Data to use Start Marker

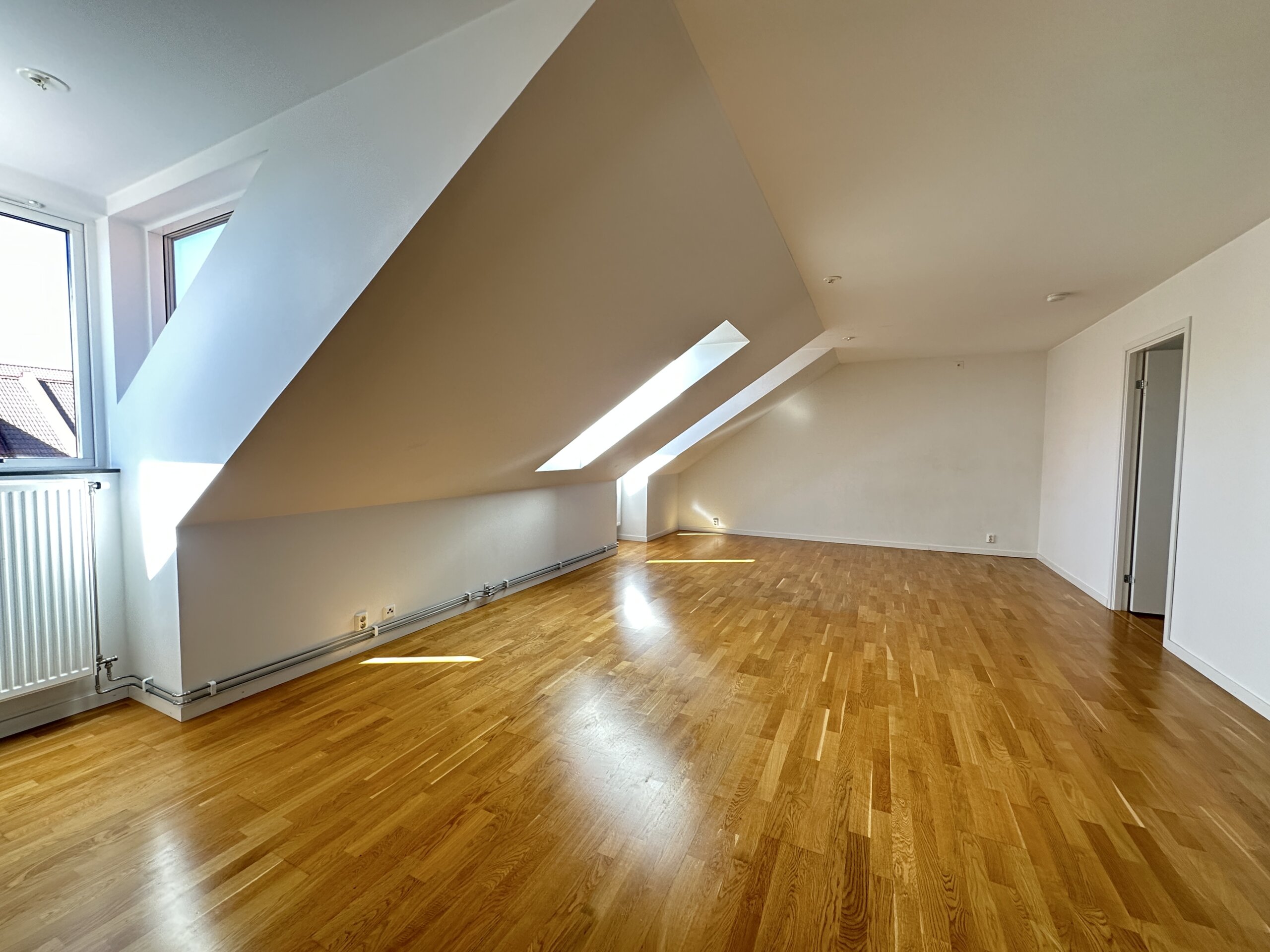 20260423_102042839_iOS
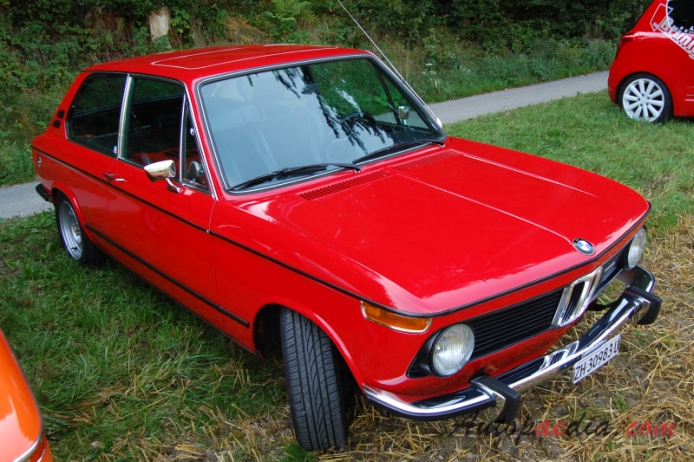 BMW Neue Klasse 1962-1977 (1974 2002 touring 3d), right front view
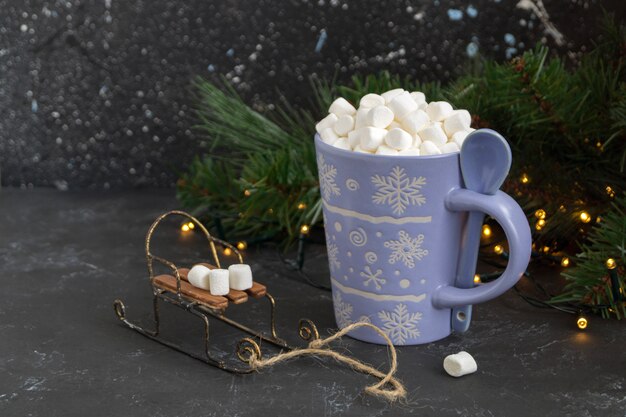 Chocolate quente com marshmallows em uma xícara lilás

Data to use End Marker
Data to use Start Marker

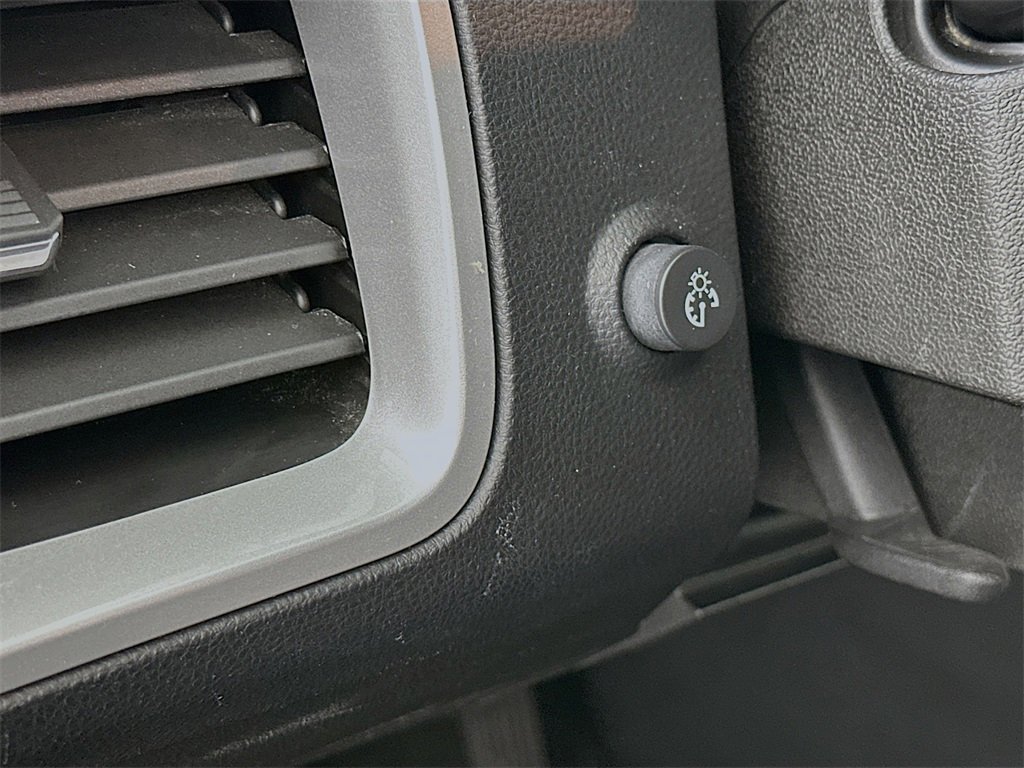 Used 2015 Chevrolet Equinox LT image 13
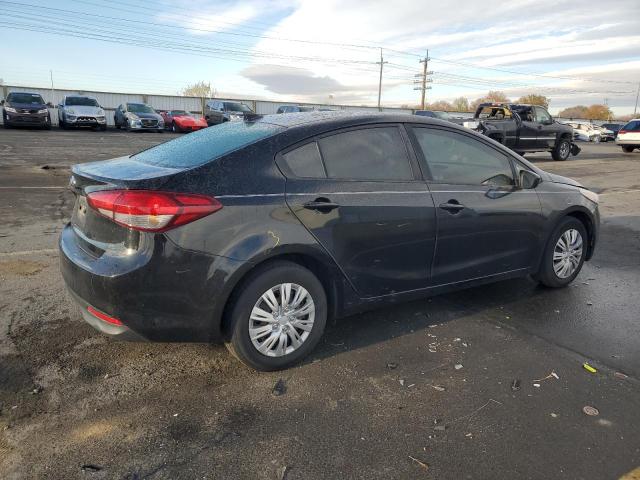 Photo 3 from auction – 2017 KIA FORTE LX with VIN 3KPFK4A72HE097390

Data to use End Marker
Data to use Start Marker

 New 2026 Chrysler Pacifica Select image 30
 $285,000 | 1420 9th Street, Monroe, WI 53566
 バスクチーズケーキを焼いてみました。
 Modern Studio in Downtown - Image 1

Data to use End Marker

■ **Problem**: Starting with the line above that holds "バスクチーズケーキを焼いてみました。" and stopping with the line that holds "Modern Studio in Downtown - Image 1", reproduce each line exactly, omitting all other lines.

■ **Task solution**:
 バスクチーズケーキを焼いてみました。
 Modern Studio in Downtown - Image 1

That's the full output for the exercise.